HEADERS_LIST = [ 'Mozilla/5.0 (Windows; U; Windows NT 6.1; x64; fr; rv:1.9.2.13) Gecko/20101203 Firebird/3.6.13', 'Mozilla/5.0 (compatible, MSIE 11, Windows NT 6.3; Trident/7.0; rv:11.0) like Gecko', 'Mozilla/5.0 (Windows; U; Windows NT 6.1; rv:2.2) Gecko/20110201', 'Opera/9.80 (X11; Linux i686; Ubuntu/14.10) Presto/2.12.388 Version/12.16', 'Mozilla/5.0 (Windows NT 5.2; RW; rv:7.0a1) Gecko/20091211 SeaMonkey/9.23a1pre' ]

zhicheng0501 commented 4 years ago

@javad94

What exactly does this header list do?

HEADERS_LIST = [ 'Mozilla/5.0 (Windows; U; Windows NT 6.1; x64; fr; rv:1.9.2.13) Gecko/20101203 Firebird/3.6.13', 'Mozilla/5.0 (compatible, MSIE 11, Windows NT 6.3; Trident/7.0; rv:11.0) like Gecko', 'Mozilla/5.0 (Windows; U; Windows NT 6.1; rv:2.2) Gecko/20110201', 'Opera/9.80 (X11; Linux i686; Ubuntu/14.10) Presto/2.12.388 Version/12.16', 'Mozilla/5.0 (Windows NT 5.2; RW; rv:7.0a1) Gecko/20091211 SeaMonkey/9.23a1pre' ]

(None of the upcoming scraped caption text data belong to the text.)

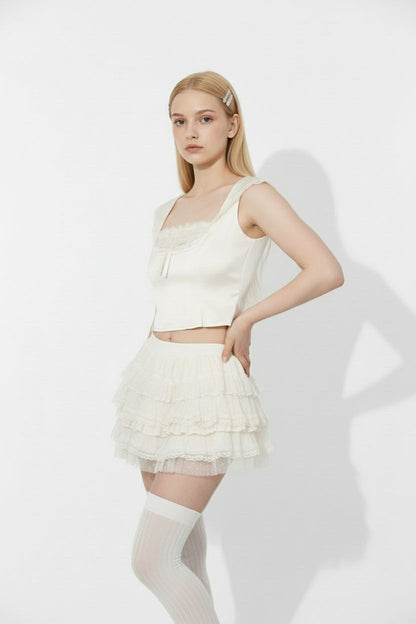 Satin Pink Apricot Top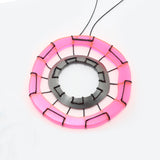 Pink Stitched Web Necklace
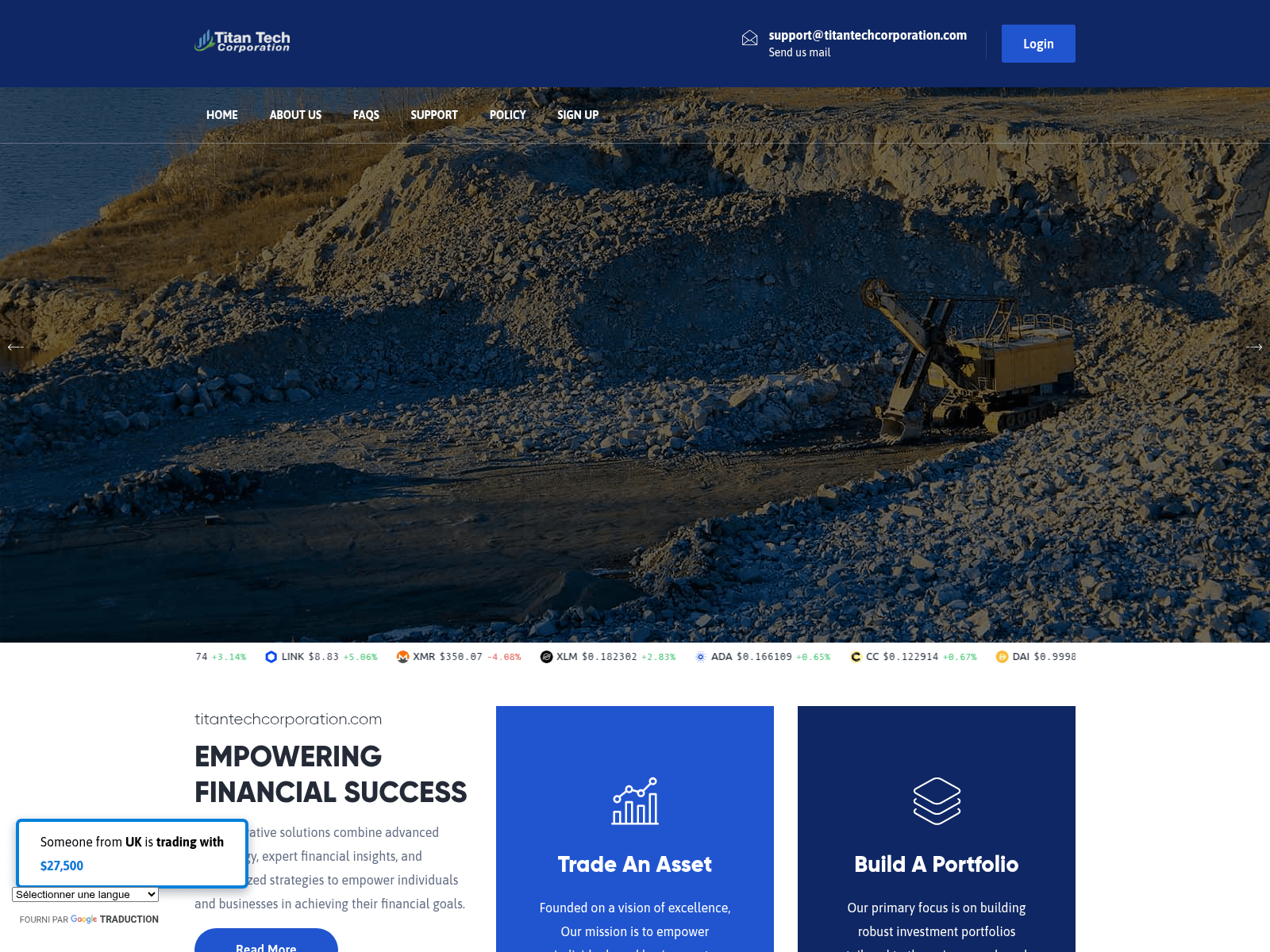Screenshot of titantechcorporation.com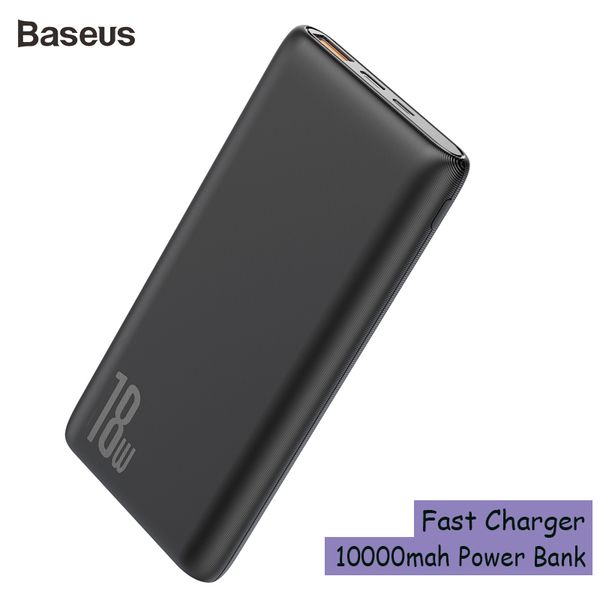 

baseus 10000mah powerbank 18w power bank external battery charger for iphone samsung portable qc4.0 +pd3.0 10000mah powerbank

Creat random header list for sending request to the server. It lets the server see requests coming from different client,avoiding being blocked by the server.

MaximAbdulatif commented 4 years ago

Just did that, same error 😑

Seems Twitter has restricted the connection so that all requests return a page with "We've detected that JavaScript is disabled in your browser. Would you like to proceed to legacy Twitter?"

Indeed, this can be fixed by modifying the header dictionary in query.py from HEADER = {'User-Agent': random.choice(HEADERS_LIST)} to HEADER = {'User-Agent': random.choice(HEADERS_LIST), 'X-Requested-With': 'XMLHttpRequest'} that should fix the issue.